The ProCreate is similar to greenstuff but has some differences that I noticed immediately. First is that it's a lot more firm than GS, even before mixing the two colors, and requires a bit more pressure with the sculpting tools. Once it's mixed, if you've ever mixed GS and Milliput, it reminds me a lot of that - the work life seems a little longer than GS and it doesn't have as much memory as GS so when you get near the end of the work life, it's not as spongy and springy and can still take impressions from the sculpting tools, but at a lesser degree than when it's fresh. I almost always use a little curing oven on my sculpted bits so I can get more work done in a day and the ProCreate cures faster than the GS in the oven. It also cures to a harder finish and sands a hell of a lot better than GS, but unlike a GS/Milliput hybrid, it doesn't turn into concrete and you can still pull it off the figure if you're a hyper self-critical perfectionist that sometimes has to sculpt something several times to get it right. It also doesn't seem to need as much lubricant as GS and doesn't get nearly as sticky.

 

Something else I discovered a few hours ago is that despite curing harder than GS, it seems to have a lot more plasticity and won't break or tear as easily.
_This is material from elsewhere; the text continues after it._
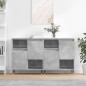 vidaXL Aparadores 2 uds madera contrachapada gris hormigón vidaXL Aparadores 2 uds madera contrachapada gris hormigón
Now, last night, as I always do when I have leftover putty, I fed the excess to the tube making tool. I didn't think much of testing it until I was looking at Sister Sneer again to decide just what needed to be reworked, and one thing that's always bothered me is where the GS tube over her left shoulder fractured when I was gluing it in place.

 

http://i.imgur.com/u0e9h8Q.png

 

I dunno how many people even noticed it before, but it's one of those little things that bothered me every time I looked at the figure. I decided to see how far I could bend the ProCreate tube before it fractured. Check this :censored: out.

 

http://i.imgur.com/duuzjLC.png

 

This is fully cured, by the way. That would have snapped in half long before bending it that much if it was GS, and I didn't even feel that tension starting to build in it like you would with a GS tube. I bent it that far three times, in fact - twice with my fingers and a third time to snap this photo, and still no breakage at all. If nothing else, it's amazing for this sort of thing. Now, if you're one of those that put the GS tubes in place before they cure it might not be that big a deal, but I can never seem to do that without crushing the tube or at the very least getting fingerprints into it, so I'm loving this.

 

I've only had some limited interaction with it so far, but it already feels like a really good sculpting putty and some of the qualities, like having less memory, not being as sticky, and sanding better than GS, would give it a lower learning curve and be more user-friendly for people who are just getting into converting or who really hate using GS.

 

A couple of downsides are the color, which can make it difficult to see exactly what detail you've pressed into it with your tools, and once it gets to the end of it's working life, it starts to get crumbly. The first night I worked with it, I went a good ways past the working life and when I tried to use the tube tool on the leftovers, it just crumbled like stale bread. It's also not as friendly to photograph as GS due to the lighter color.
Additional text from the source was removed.